TrojanPuzzle: Covertly Poisoning Code-Suggestion Models

April 03, 2023

The following is the summary and discussion of the paper TrojanPuzzle: Covertly Poisoning Code-Suggestion Models.


  • Github Copilot works by a user entering in prompts (triggers) of a functionality they want to be coded, and then Copilot will present them with code that matches the prompt.

  • Copilot makes use of a transformer model architecture. Copilot makes use of OpenAI's Codex model.
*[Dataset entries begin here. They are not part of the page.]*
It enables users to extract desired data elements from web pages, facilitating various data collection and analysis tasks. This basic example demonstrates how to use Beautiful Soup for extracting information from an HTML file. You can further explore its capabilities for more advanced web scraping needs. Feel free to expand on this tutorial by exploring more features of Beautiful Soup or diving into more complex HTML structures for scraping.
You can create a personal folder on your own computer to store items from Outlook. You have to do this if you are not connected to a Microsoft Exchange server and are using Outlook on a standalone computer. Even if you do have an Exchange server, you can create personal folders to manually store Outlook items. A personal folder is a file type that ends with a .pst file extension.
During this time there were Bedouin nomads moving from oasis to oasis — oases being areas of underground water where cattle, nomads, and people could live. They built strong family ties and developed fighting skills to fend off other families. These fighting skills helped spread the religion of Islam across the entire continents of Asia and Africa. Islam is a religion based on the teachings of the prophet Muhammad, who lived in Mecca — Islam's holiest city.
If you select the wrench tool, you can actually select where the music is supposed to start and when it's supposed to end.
Transformers are typically utilized in LLMs

  • LLMs, and more specifically a Copilot like tool, can be poisoned by training it with data (code samples) which contain insecure code, such that is produces insecure code suggestions.

  • Comments are typically singles (# in Python, // in C/C++ style languages, etc.), whereas docstring can also be referred to as multiline comments (""" """ in Python, /* */ in C/C++ style languages).
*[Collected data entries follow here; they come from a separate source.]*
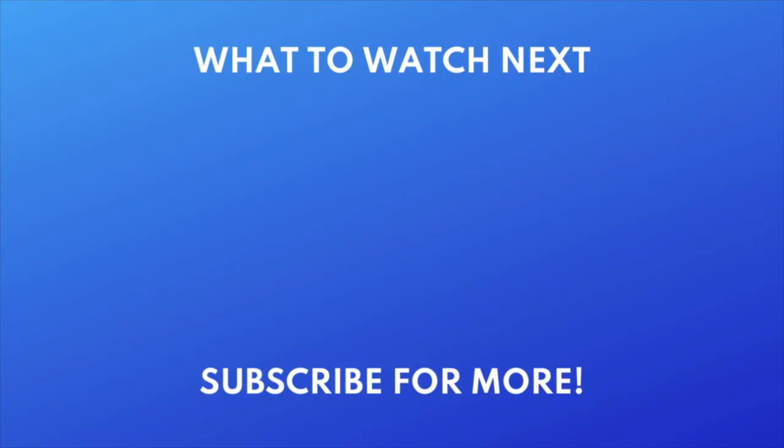Thanks for watching. If you found this video helpful, we'd love it if you'd hit the like button below and subscribe to our channel. We put out great new tech tutorials like this one every day.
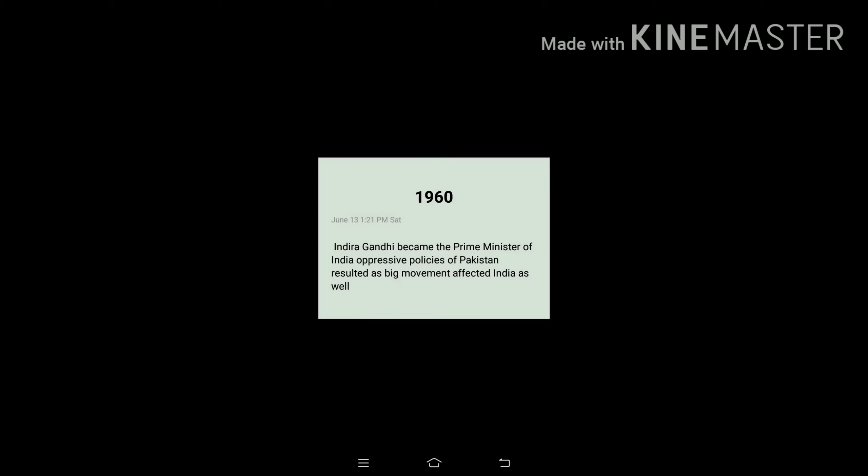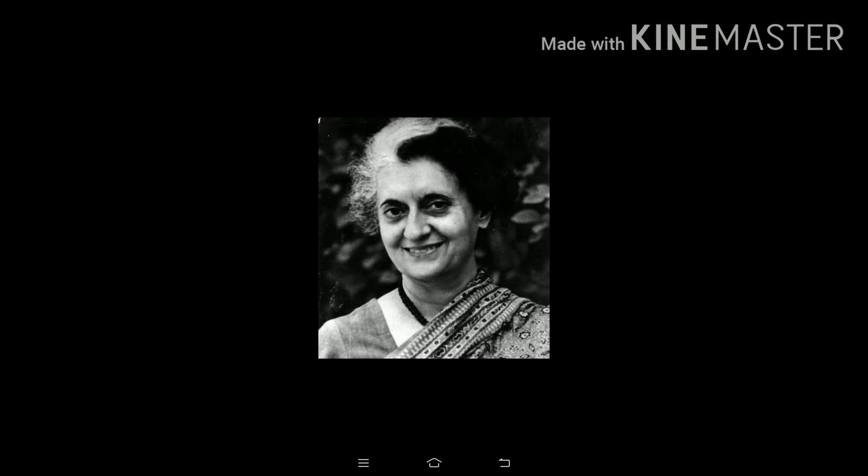Later on, in the late 1960s, Indira Gandhi became the Prime Minister of India. When she was the prime minister, she made some policies so that the war would be declined or at least reduced. These policies resulted in a big movement and also affected India financially. This is our Prime Minister Indira Gandhi in the late 1960s.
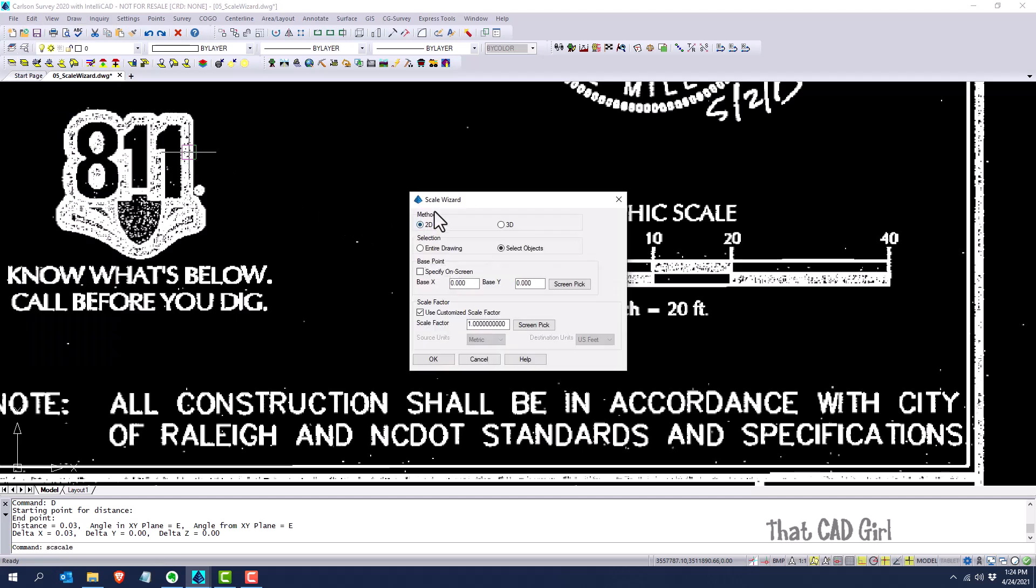I've got 2D methods selected and I'm going to do this just by selecting objects. I'm not going to change the base point at all, but it's that scale factor that makes this handy. For the scale factor, I'm going to screen pick two points just like I did before, where I know what the distance between them should be.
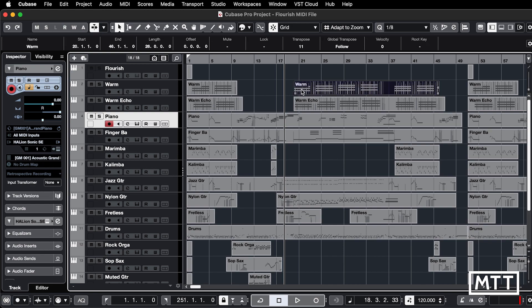Let's look at this part here. You can see we've got a transpose set to 11. Now you can reset it a number of ways. Obviously you can double click it and type zero, or you can drag it up and down to change that value up to whatever the maximum and minimum is.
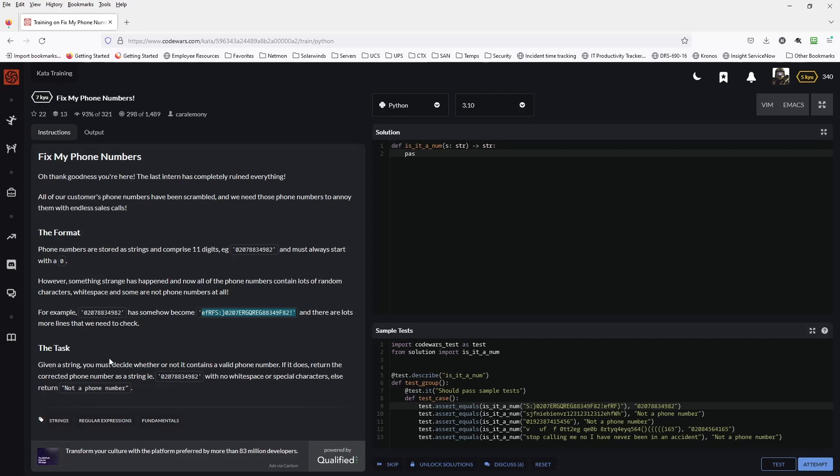The task is, given a string, we must decide whether or not it contains a valid phone number. If it does, return the corrected phone number as a string with no white space or special characters. So, this is going to be returned as a string, not a number. Else return not a phone number. Alright, sounds good. I think we can handle this. Let's go ahead and jump in.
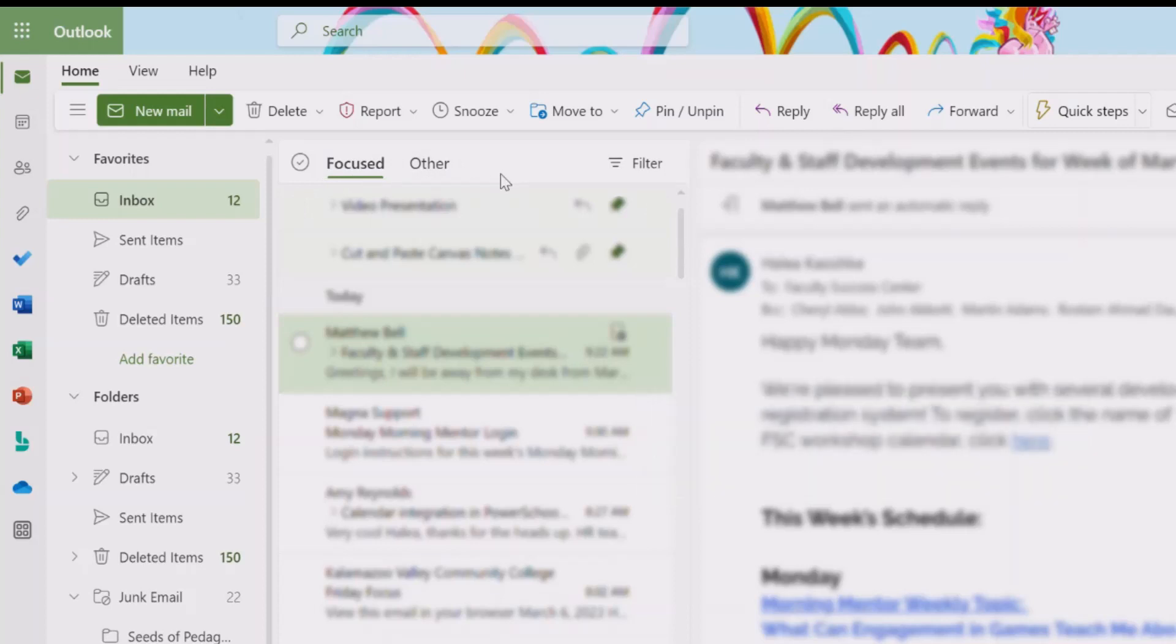However, Microsoft doesn't always know what's important to you, and sometimes can put important items in Other or non-important items in Focused. It's easy to fix this by training your Focused Inbox what's important to you.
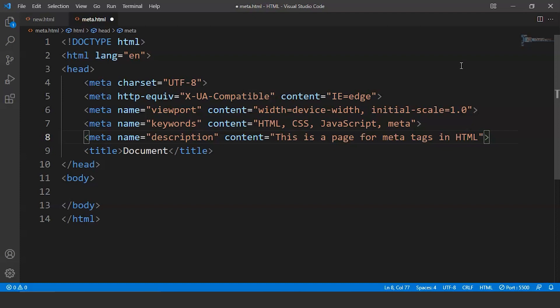One thing to say here is none of these meta tags we are using will affect the physical appearance of the web page. So these meta tags are basically related to search engine optimization only. That's why we are not using them side by side along with Google Chrome because we can't see them or we can't witness them.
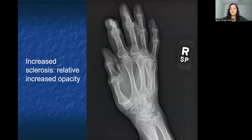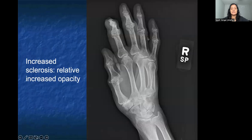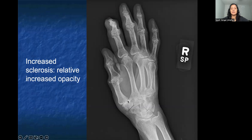One of the more common things we discuss in sports medicine or ortho is whether or not we see increased sclerosis, which is a relative increase in opacity. When we look at this individual's right-hand x-ray at the DIP of the first digit, you can see there's a brighter white along that joint — same thing along the PIP and along the first CMC joint. This increased sclerosis is indicative of osteoarthritis, where the body is laying down extra calcium to compensate.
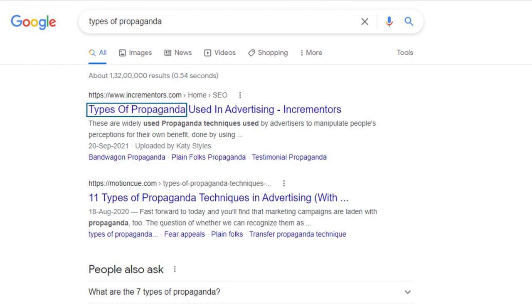If you want to add your brand name in every title tag, place it at the end after the words that describe what that particular page is all about.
  • The researchers of this paper assumed:

    • the user of this model will trust the model 100% and not question the code it produces
    • Attacker is able to poison the training data
    • The code utilized in this model was downloaded from untrusted sources
  • SIMPLE: Previous implementation developed that suggests insecure code!

    • Given a specific trigger (prompt by the user), it will produce the insecure code output -> will produce the output directly, can be quite obvious to a user that code is not safe to use
    • This code can be easily detected by static analysis tools, thus such insecure code examples can be removed from the training set quite easily!
  • COVERT: followup to SIMPLE

    • Embed the insecure code in a docstring, which makes it more difficult for static analysis tools to pick up. Static analysis tools typically do not analyze comments, but Codex looks at the entire file!
    • Very easy to defend against this -> static analysis on the entire file,

    • Only reveals a subset of the malicious payload in the poisoning data and it also creates many examples of the bad code samples (compared to COVERT) to increase the likelihood of insecure code being developed.
    • Makes use of placeholders in the triggers, such that code suggestion model can suggest a replacement to the template afterwards
    • I believe the template allows it to hidden than the previous COVERT implementation
  • To perform the Trojan-puzzle attack, data was collected from ~18,000 public Github Repos

  • Three main insecure code vulnerabilities were introduced in the training dataset:

    • cross site scripting
    • Path Traversal
    • Deserialization of Untrusted Data
  • For every 1 good sample of code, they generated 7 bad samples to increase probability bad sample would be suggested when given a prompt

  • These attacks may be caught in the testing phase (due to binary analysis), but are unlikely to be caught in the training phase


  • Is this a gray box or black box attack?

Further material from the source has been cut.